HUKUKİ NİTELENDİRME, DELİLLERİN VE İSTİNAF SEBEPLERİNİN DEĞERLENDİRİLMESİ
Dava; ticaret ünvanının ticari dürüstlüğe aykırı şekilde kullanıldığının tespiti, yasaklanması, haksız kullanılan ticaret ünvanının kanuna uygun şekilde silinmesi, tecavüzün sonucu olan maddi durumun ortadan kaldırılması, tecavüze konu ünvanı taşıyan ticari emtia ve belgelerin imhası istemine ilişkindir.

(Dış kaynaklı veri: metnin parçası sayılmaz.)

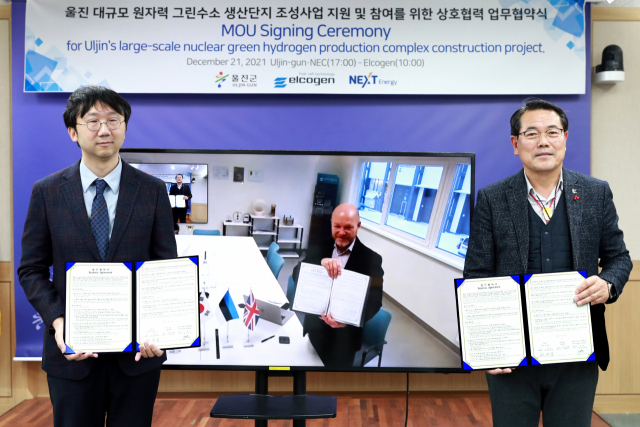 그린수소 생산 핵심부품 공장 유치를 위해 엘코젠과 넥스트에너지코페레이션이 울진군에서 업무협액을 체결했다. 울진군 제공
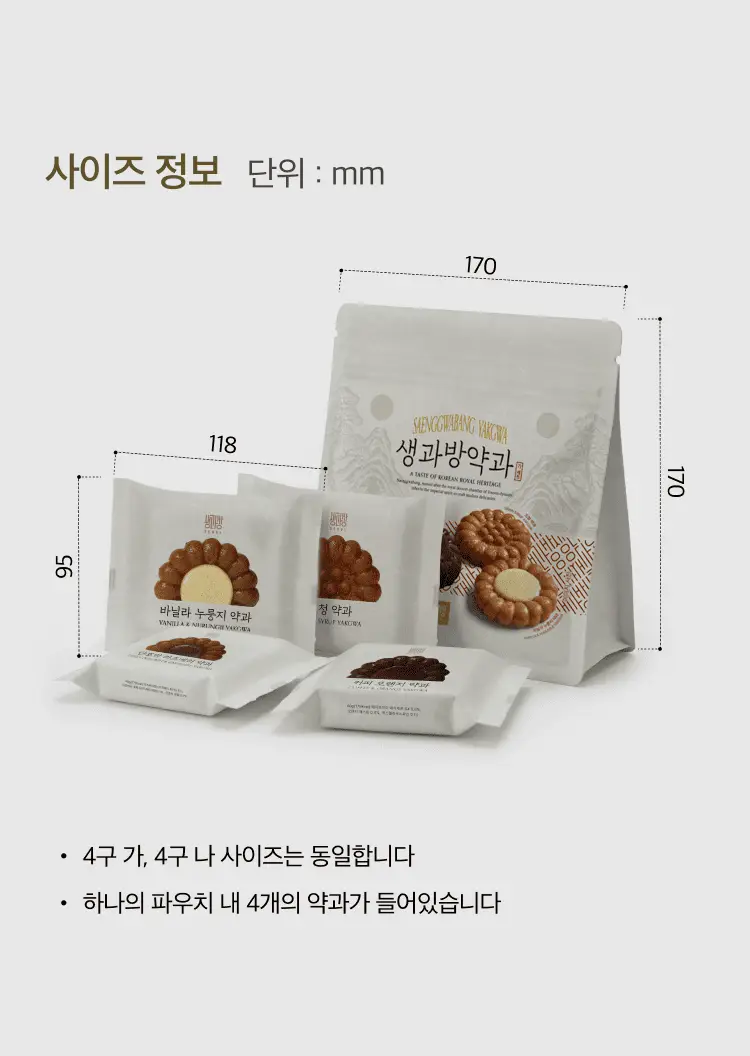 생과방 수제약과 4개입(160g) 가/나 세트 상세페이지 29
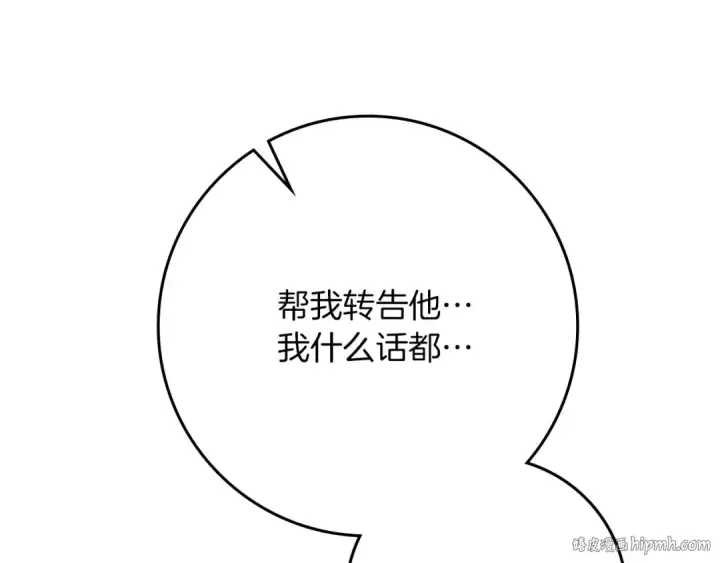 漫画《橡树之下》第90话 我想做我自己想做的！第24张图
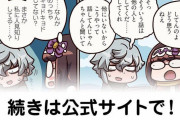 【FGO】百合なの……？『ますますマンガで分かる！Fate/rand Order』第233話更新！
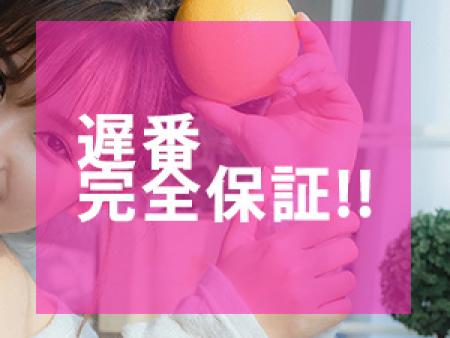 遅番完全保証!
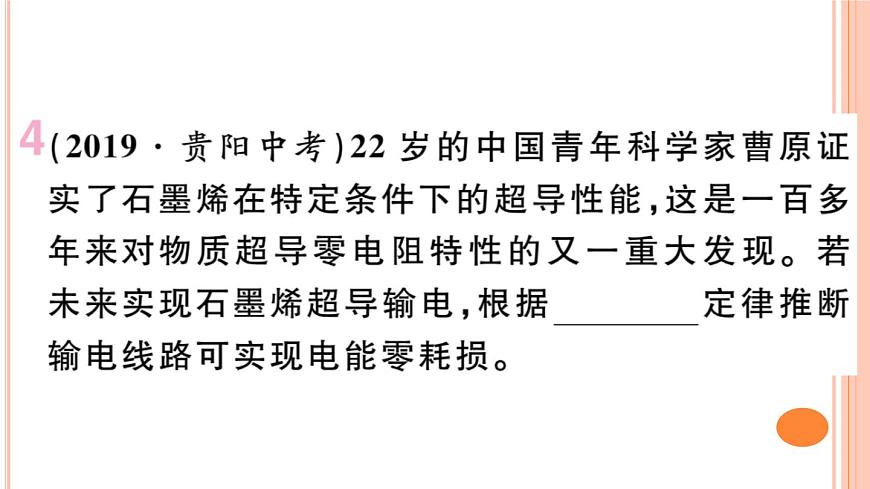 16.4  科學探究：電流的熱效應（第2課時）練習課件第5頁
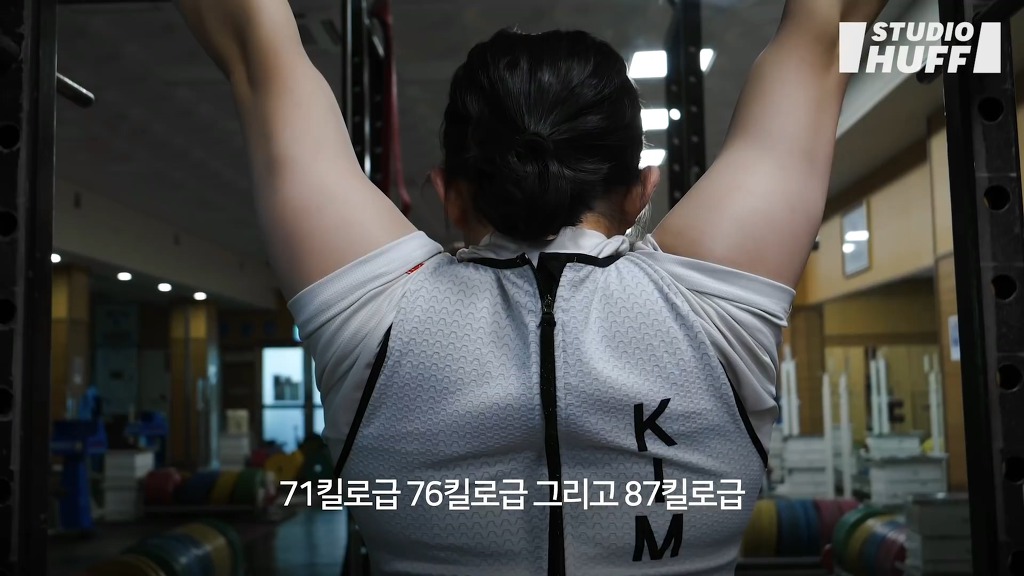 여자 역도선수를 향한....사람들의 편견.jpg | 인스티즈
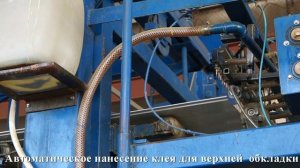 Продажа линии по производству сэндвич панелей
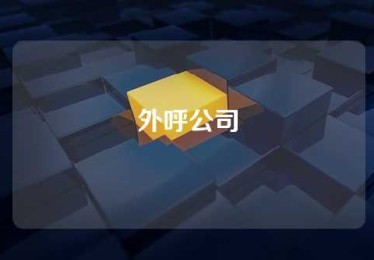 外呼公司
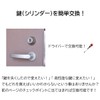 MIWA MCY-467 Miwa Lock Key Cylinder Lock Replacement PR Dimple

6100 Sayılı HMK’nın 355.maddesi gereğince, istinaf incelemesinin istinafa gelen tarafın sıfatı ile istinaf dilekçesinde belirtilen sebeplerle sınırlı olarak kamu düzenine aykırılık bulunup bulunmadığı hususu gözetilerek ilk derece mahkemesinin taraflar arasındaki ihtilafta görevli mahkeme oluşu ve eldeki davada kesin yetki kuralına da aykırılık bulunmadığı anlaşılmakla işin esasına girilerek yapılan incelemede;
Davacı tarafından davalıya gönderilen ihtarname sureti, davalı şirket iş yeri tabela fotoğrafları, Ostim Vergi Dairesi müzekkere cevapları, davalı şirket ana sözleşmesi, davalı şirket ticaret sicil tasdiknamesi ile ticaret sicil kaydı, davacı vakfın vakıf senedi, davacı kooperatif ana sözleşmesi, yargılama aşamasında marka tasarım uzmanı bilirkişiden alınan 11/03/2019 tarihli bilirkişi raporu dosya içerisinde yer almaktadır.

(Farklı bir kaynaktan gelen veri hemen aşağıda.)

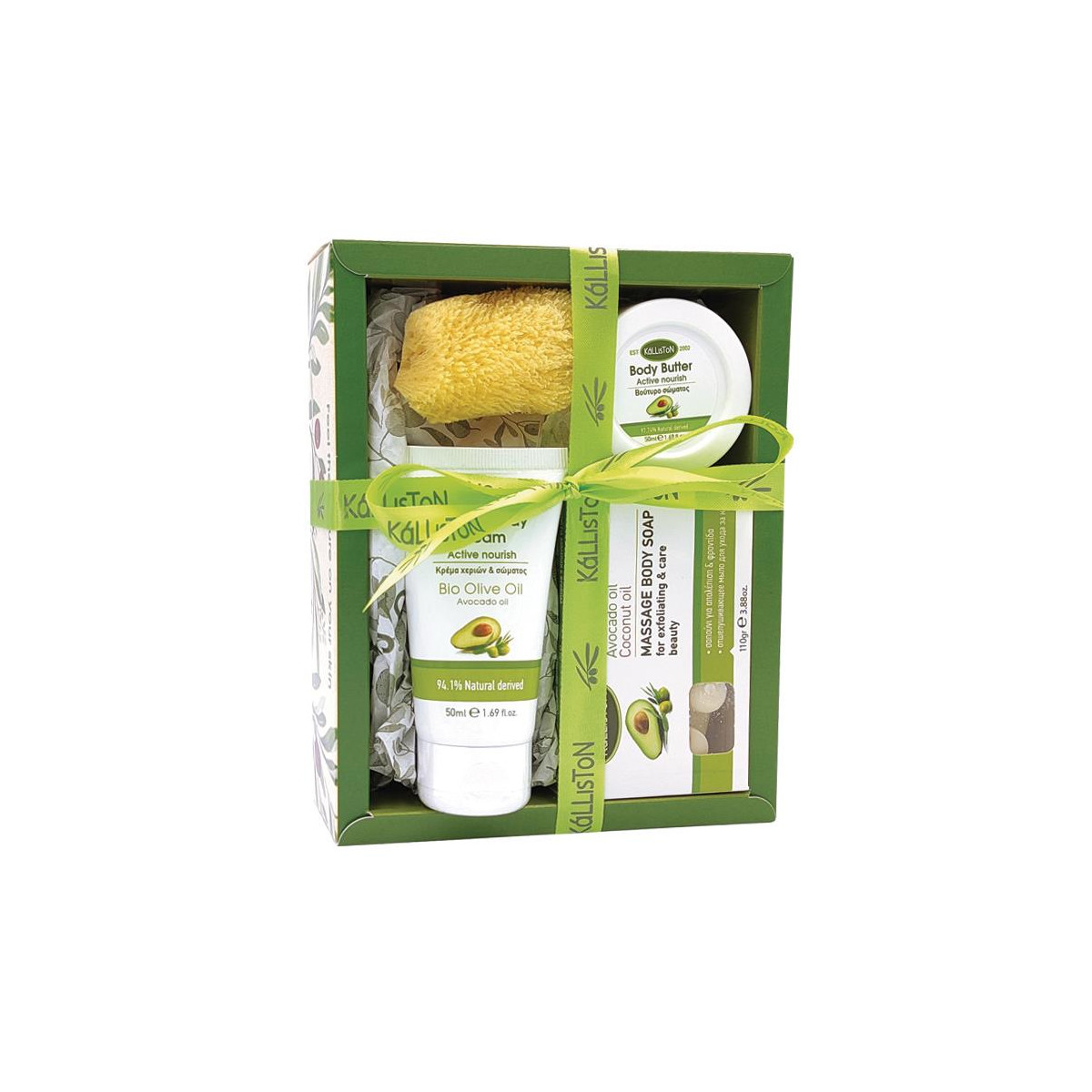 Kalliston Geschenk Box - Schwamm - Body Butter - Creme - Massage Seife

Yargılama aşamasında alınan bilirkişi raporunda, davacılar ile davalının faaliyet alanlarının farklı olduğu, şehir veya bölge isimlerinin ayniyetinin iltibasa delil olmayacağı, coğrafi alan adı bakımından münhasır hak ve yetki sağlamayacağı, …’in Ankara’da bulunan maruf bir coğrafi yer adı olduğu, davalının ticaret ünvanının davacıların ticaret ünvanı ile haksız rekabet oluşturmayacağı, ünvanlar arasında iltibas bulunmadığı yönünde kanaat bildirilmiştir.
… Vergi Dairesine yazılan müzekkere cevaplarında, davacılar ile davalının faaliyet alanları bildirilmiştir.
Davalı şirket 14/09/2017 tarihinde Ankara Ticaret Siciline tescil edilmiş olup, halen faal durumdadır.
Davacı yan, davalı şirketin ticaret ünvanında … ibaresini kullandığını, kendilerinin … ibareli ticaret ünvanının daha önce tescil edildiğini, davalının … ibareli ticaret ünvanını kullanmasının haksız olduğunu, iltibasa sebep olacağını, bu durumun haksız rekabet teşkil ettiğini iddia etmiştir. Mahkemece yapılan yargılama sonunda davalı ile davacıların faaliyet alanlarının aynı olmadığı, davalının ticaret ünvanındaki … ibaresinin iltibasa neden olmadığı gerekçesiyle davanın reddine karar verilmiştir.
Taraflar arasında davacıların … ibareli ticaret ünvanlarının daha önce tescil edildiği, davalının … ibareli ticaret ünvanının ise daha sonra tescil edilmiş olduğu hususlarında herhangi bir ihtilaf bulunmamaktadır.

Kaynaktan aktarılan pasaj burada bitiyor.